McCarty, who has frequently sparred with lawmakers on the state’s insurance regulations, said Florida’s property insurance liability is now $2.1 trillion, which would likely bankrupt even some of the largest insurers.
"Failure is going to happen," McCarty re-emphasized afterward with reporters. "They are in a risk assuming business."
The lawmakers zeroed in on the viability of the property insurance marketplace across Florida, but some remained skeptical afterward, especially with what they see as politics by the governor’s office and McCarty to kick State Farm Florida out of the state over rate filing disputes.
"He’s artful at evading real answers to the questions," Sen. JD Alexander said after the meeting, adding that it is foolish to remove a highly capitalized company that has paid claims for 150 years from the state.
Alexander said Crist’s campaign rhetoric on holding down property insurance rates amounts to little more than a "Trojan Horse" that he said fails to protect consumers.
Richter said the committee was disappointed that Crist vetoed a bill earlier this year that would have allowed consumers to pay unregulated rates to buy coverage for hurricanes and other hazards from highly capitalized, solvent national insurers such as State Farm.
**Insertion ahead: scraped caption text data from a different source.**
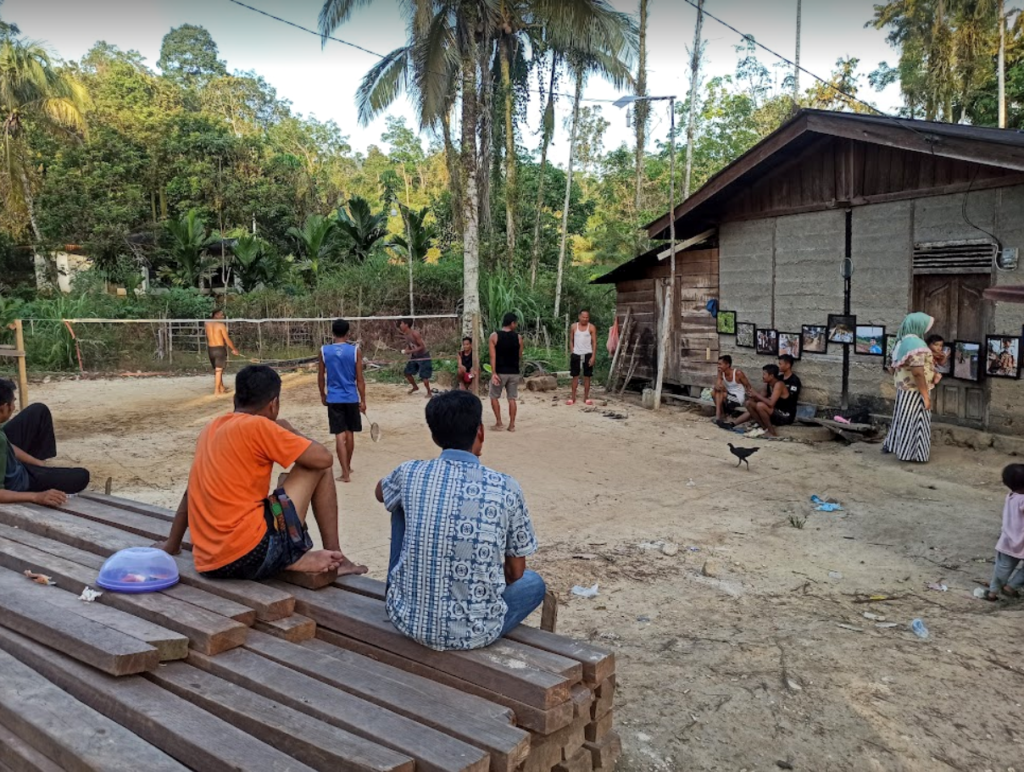 Community members gathering and playing badminton in Lubuk Bigau Village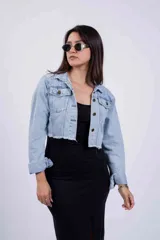 Campera de jean celeste de corte cropped, con cuello clásico, botones metálicos y mangas largas.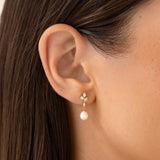 Close-up of an ear wearing Pearl Drop Earrings - Ariana with baroque pearl and floral cubic zirconia details on a light background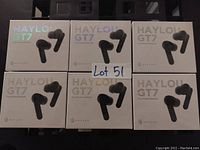 Six sealed boxes of Haylou GT7 true wireless earbuds displayed in two rows containing three boxes each.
"It’s going to take increased competition," Richter said. "I hope OIR can conclude satisfactory negotiations with State Farm to retain that capital in the state. Let the marketplace sort it all out."
The bill was in part in response to a decision by State Farm Florida to withdraw from the state after McCarty denied a rate increase company officials said they needed to remain financially viable.
The company is a Florida-only property insurance subsidiary of Bloomington, Ill.-based State Farm Insurance, which intends to continue selling auto and life insurance in the state.
Alexander also disputed claims by officials from the state-backed Citizens Property Insurance Corp., who said they could make timely payments on claims after a 100-year storm.
"If we had a significant event it’s very unlikely we’d be able to pay the bills in a timely way," said Alexander, a Republican citrus grower from Lake Wales.
Roughly one million Citizens customers will see a 10 percent increase in their premiums Jan. 1, but that still wouldn’t come close to making the company solvent. The board that oversees the state-backed insurer approved the increase in July, ending a three-year rate freeze for businesses and homeowners insured by Citizens.